There was a jerk of hesitation deep in Devon's gut because the uniform could be invaluable in understanding the day-to-day life in the trenches. Except the world already knew enough about that, and they wouldn't miss this one uniform if Stanley wanted to destroy it. Except as Stanley went into the bedroom to change into it, Devon's heart began to race, for he knew it would be like seeing not just his work, his thesis, but his dream come to life.
As Stanley came out of the bedroom, Devon's heart almost stopped. There was mud on the uniform, and the sweater vest had holes where the moths had gotten to it. But the boots were tight, and the laces new. Stanley looked like he ought to look, the pure vision that had been in Devon's mind since he could remember. Except it was better because the image was overlaid with Stanley himself, his smile, the brightness in his eyes, the willingness with which he'd put the uniform on just so Devon could take pictures.
When Stanley bent to put on his puttees, Devon raced over to help him. Impulsively, he knelt at Stanley's feet to wrap the puttees around Stanley's boots with an anxious joy of feeling a live human being beneath his hands.
"There," he said, looking up at Stanley. "Is that better?"
"Yes," said Stanley. "But if you could hurry because there were a lot of lice in the trenches, and I think some of them came through time with me."
Devon couldn't tell whether Stanley was joking or not, but he got up, grabbed his cell phone, urged Stanley to stand in front of the fireplace, and took pictures.
There was no film to worry about, so he took pictures from each angle as it occurred to him, from the back, shoulder height, the front, the long view from the side. He even took close-ups of the buttons until he was sure that he'd used up almost all the space for photos on his phone.
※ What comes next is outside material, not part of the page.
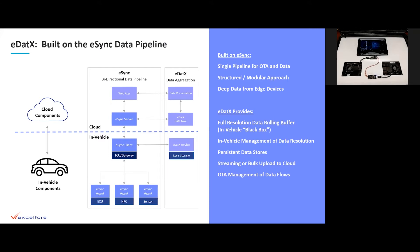It provides the in-vehicle management of the resolution of that data before placing it in persistent stores and then streaming or bulk uploading it to the cloud. And it makes use of OTA to manage the constructs, the policies of the data flows.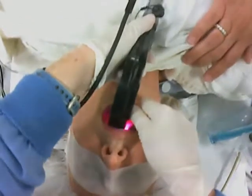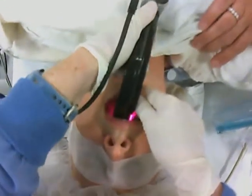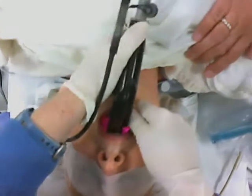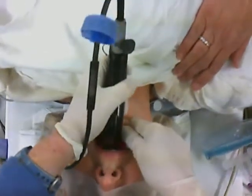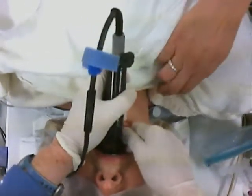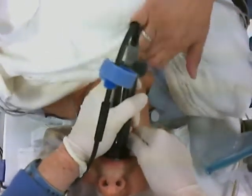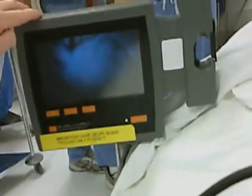Avoid the temptation to look at the monitor until you've placed the blade inside the mouth and turned the corner into the pharynx. Once inside the mouth, optimally position the image of the larynx in the midline.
Stanley's face began to grow pale beneath his shorn hair, his breathing becoming a bit sharp, and Devon knew he needed to stop.
He stood there with the phone in his hand, and realized how dark the room had gotten, as it was starting to rain harder.
"I'm going to use the flash for a few more," he said, thinking too late that Stanley wouldn't know what a flash was. "Then you can get out of that."
Stanley nodded. He stood there with his rifle gripped in one hand, held at his side, with the canteen looped crossways over his chest. Just like a soldier ready to march in step with his fellows, or to slam himself to the earth to shoot at the enemy, whatever was called for.
With his ID tag glinting in the hollow of his throat, Stanley looked so young. There was still such a trace of innocence in his eyes that Devon almost hated using the flash. He decided it would be the last picture, and the best way to capture the details of the uniform. He turned on the flash, focused the camera, and tapped the dot on the phone.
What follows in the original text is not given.